Extraction Has Exceptionally Impressive Action but Not Much Else
/Extraction is one of those films where the action comes first and the story comes second. I’m not opposed to things like that; I love my John Wick and Mission: Impossible as much as the next person. But those have a lot of fun with themselves, and their central characters have enough personality to carry their respective franchises. Chris Hemsworth is the star of Extraction, and while he’s certainly an actor that’s proven capable of bringing both brawn and charm to his roles, this isn’t one of ‘em.
Hemsworth plays Tyler Rake, a mercenary with a death wish and a painful past, and he has about as much charisma as the object he’s named after. There’s only so much he can do - nearly every non-action scene is used for exposition, and Rake is a man of few words who doesn’t care about anything besides his current mission. His latest target is in Bangladesh (which of course calls for that ugly yellow filter that Hollywood loves to slap on foreign countries), where a young boy named Ovi (Rudhraksh Jaiswal) has been kidnapped by a powerful drug lord. Rake is told that it will “take an army to get the kid back”. Naturally, he’s able to do it almost single-handedly, using his fists, lots of guns, knives, and (sigh) even a rake.
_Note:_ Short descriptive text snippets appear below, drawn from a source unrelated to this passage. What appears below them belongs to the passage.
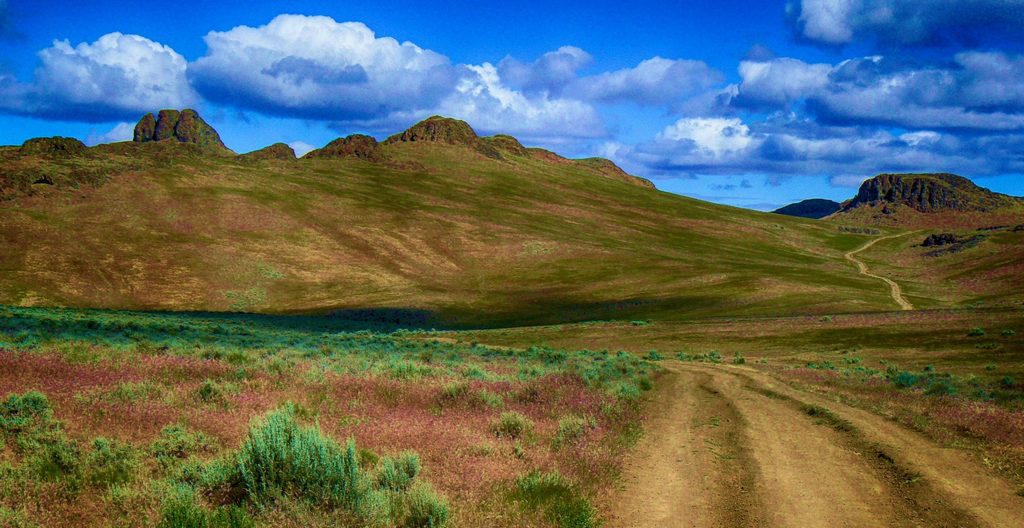 Vast and Beautiful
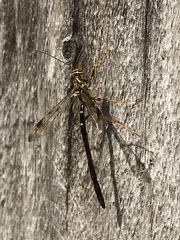 Megarhyssa macrurus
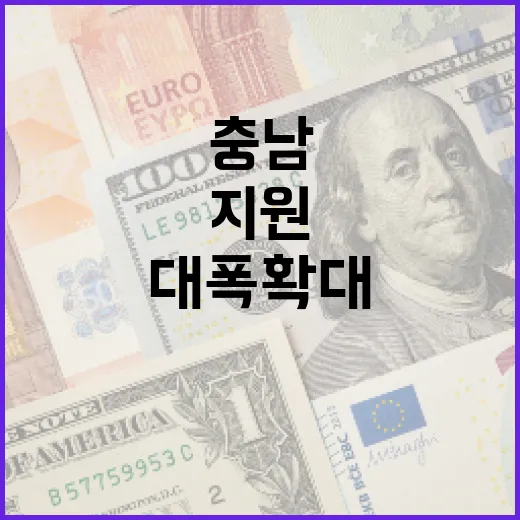 충남, 소상공인 배달비 지원 대폭 확대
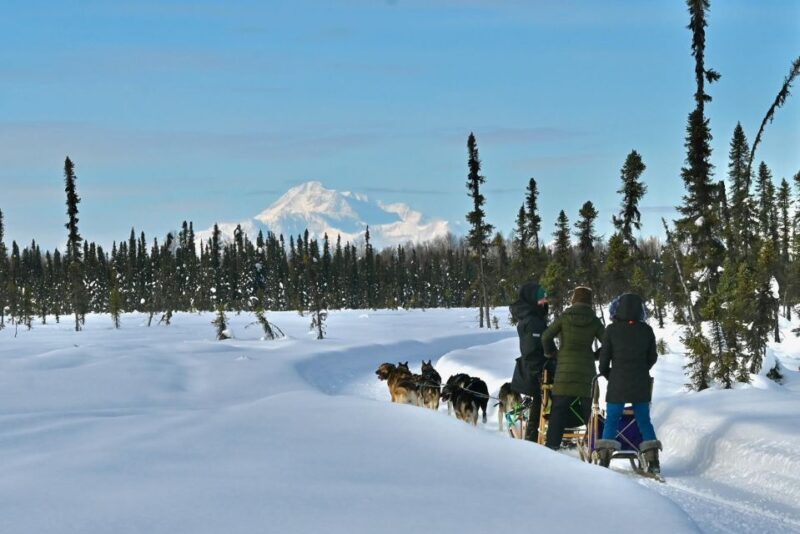 Winter Dog Sled Tour Day or Night Mush! - Key Points
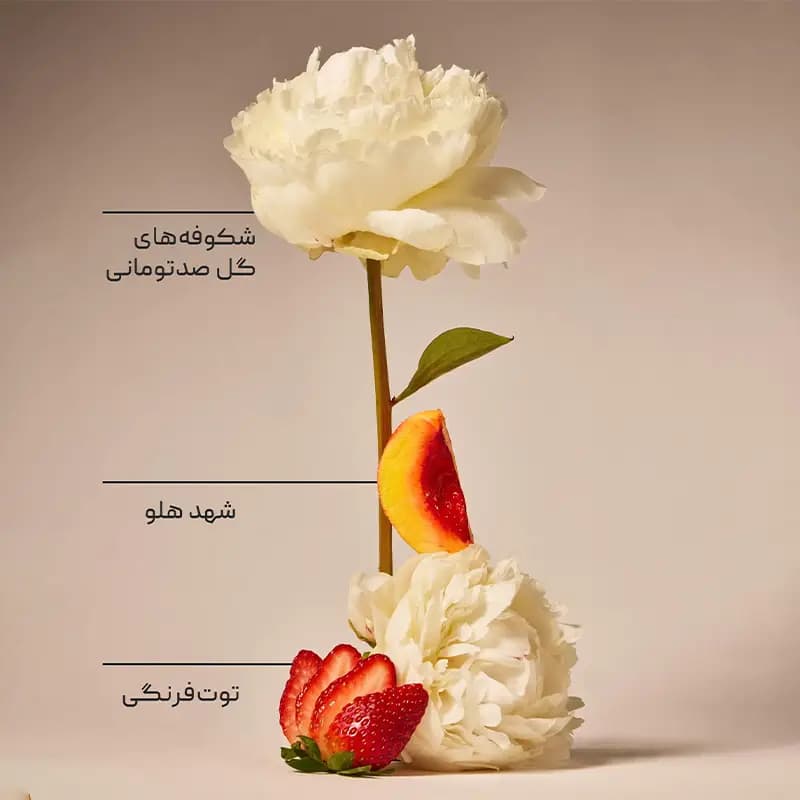 لوسیون بدن gingham gorgeous بث اند بادی Bath and Body — تصویر ۳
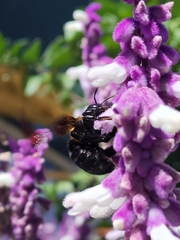 Xylocopa eximia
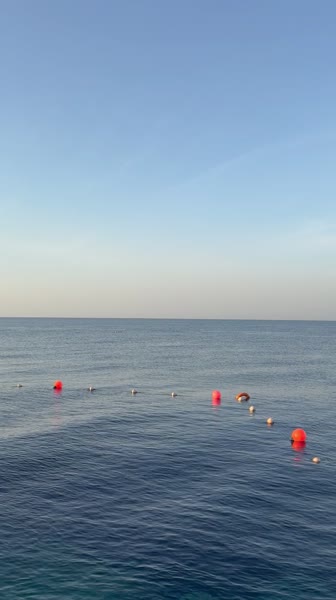 видео из отзыва ID 2731409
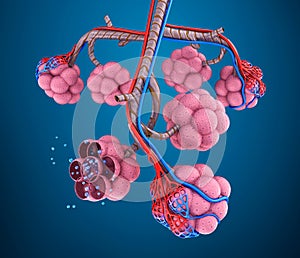 Alveoli : natomy of human respiratory system - blood saturating by oxygen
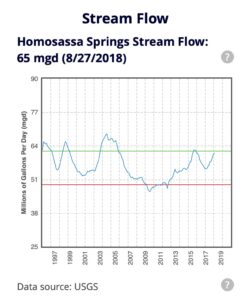 Homosassa Stream Flow spring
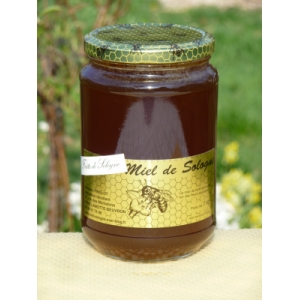 Miel de forêt de sologne été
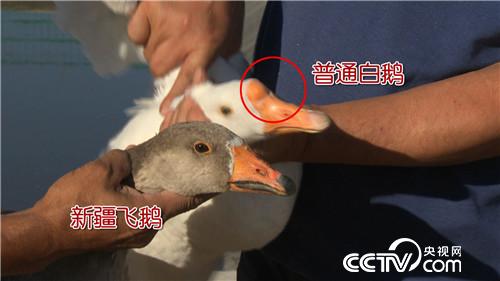 [致富經]騎馬放鵝 讓財富飛起來 20181029 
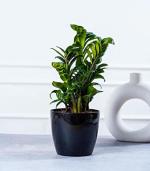 Nurturing Green Zz Plant With Black Pot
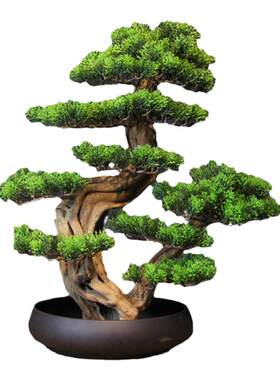 新中式风绿植迎客松微景观装饰品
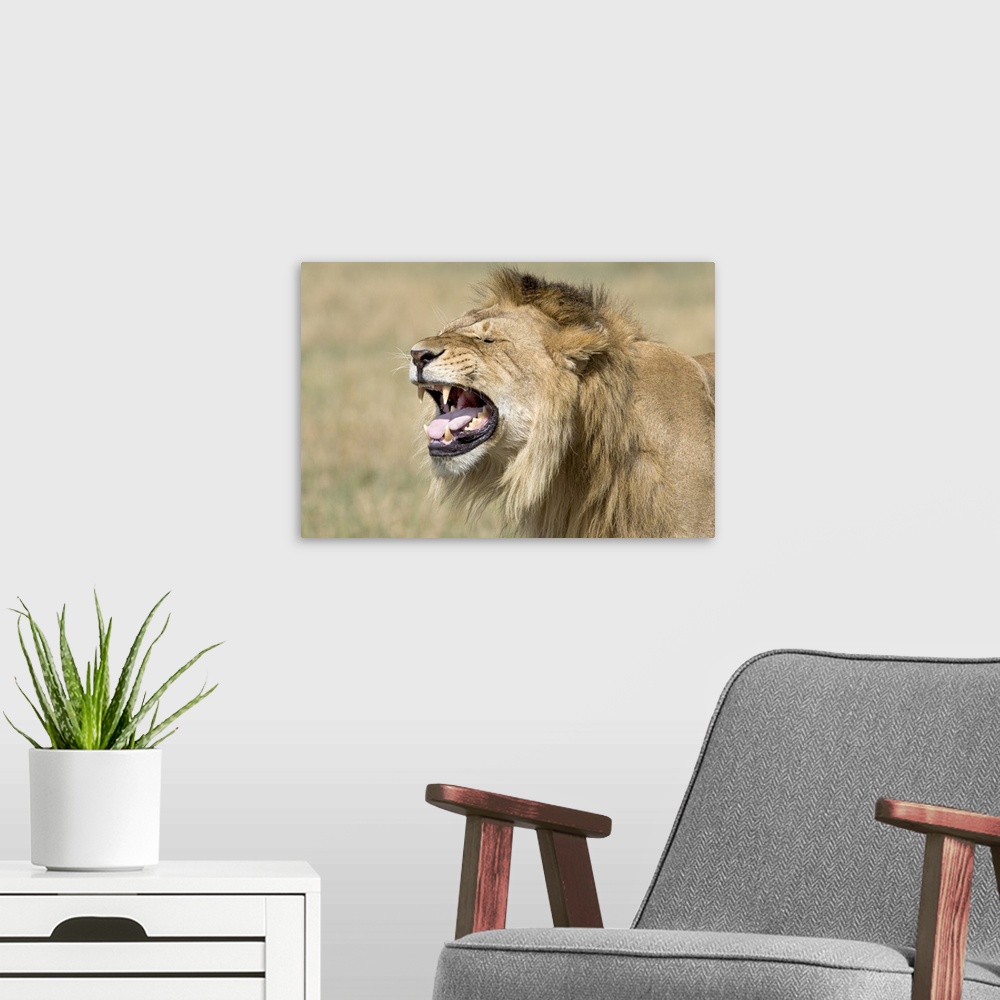 A modern room featuring Landscape photograph on a large canvas of the side of a male lions head, mouth open as he roars, ...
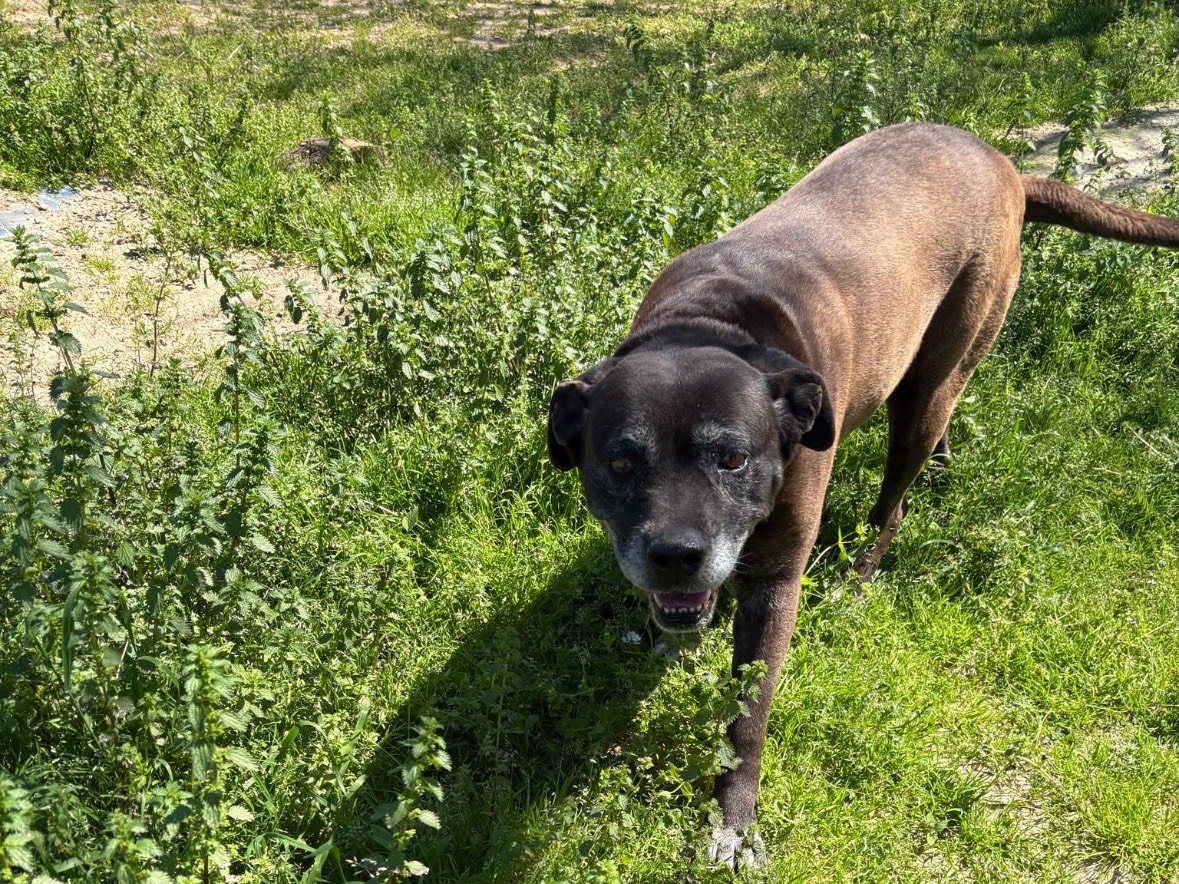 Adotta il cane India a Brindisi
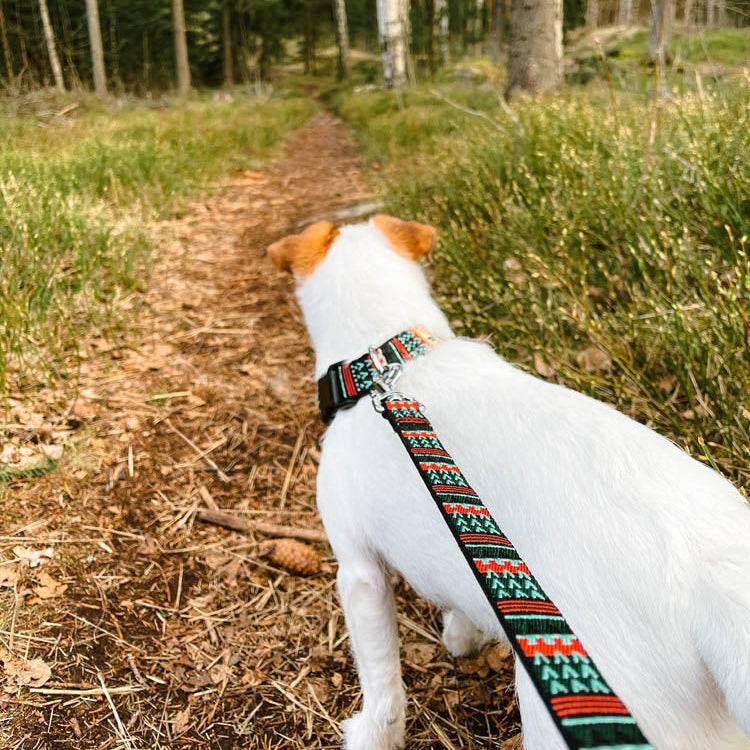 Woodland Leash -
The action is fast, brutal, and expertly shot and choreographed. This is the directing debut of Sam Hargrave, who’s been a stunt / fight coordinator for well over a decade in massive films like Avengers, The Hunger Games, and Pirates of the Caribbean, among many others. His expertise certainly doesn’t disappoint in that department; at about the half hour mark, the film goes into a lengthy sequence made to appear as a long, continuous shot. What starts as a thrilling car chase turns into street bawls, a game of hide and seek through apartments, and more. It’s the most obvious moment where Hargrave is showing off what he and his crew are capable of, and to its credit, the sequence is a tremendous showcase of how important great stunt work really is. The big action franchises of today rely heavily on their stunts (often filmed as long takes just like Extraction’s), and it’s another reminder that it is far past time for stunts to be recognized at awards like the Oscars.
If this kind of savage badassery is enough to entertain you, then Extraction definitely delivers. If the sight of a hunky white man killing waves of Bangladeshis (all portrayed by Indian actors, where the movie was actually filmed) rubs you the wrong way, then this might not be for you. It may be offset by the fact that the vast majority of the cast are POC, but still, the violence of the film can sometimes feel overly cruel for no good reason. In one scene, Hemsworth beats the living crap out of a gang of children, smashing heads through car windows and most certainly breaking bones left and right. It’s an act of self-defense (the kids have been forced to try and kill him), but it still comes across as an overtly mean-spirited scene, one that probably could’ve been cut. A subplot involving the child gang is one that feels unnecessary in general - it doesn’t have much of a conclusion by the movie’s end - and it begins with watching a small kid getting tossed off a roof to his death. These kind of gruesome moments can have their place in a film, just not a film like this, where the rest of the killing is over-the-top silliness (remember, he kills someone with a rake at one point). Should we be horrified by the violence or cheer it on? Extraction fails to decide on either one.
Still, my notes that I took while watching this movie end on “Not bad?”, and I mostly stand by that. The plot is thin, but it does manage to have a recurring theme of fatherhood throughout that’s represented by both the story and its characters. It’s basic storytelling, and writer Joe Russo (one half of the directing team behind the last two Captain America and Avengers films), is no amateur, but plenty of similar action flicks fail to do anything besides a lot of shoot shoot punch punch. Extraction is better than them, easily, but by how much? Mileage will vary.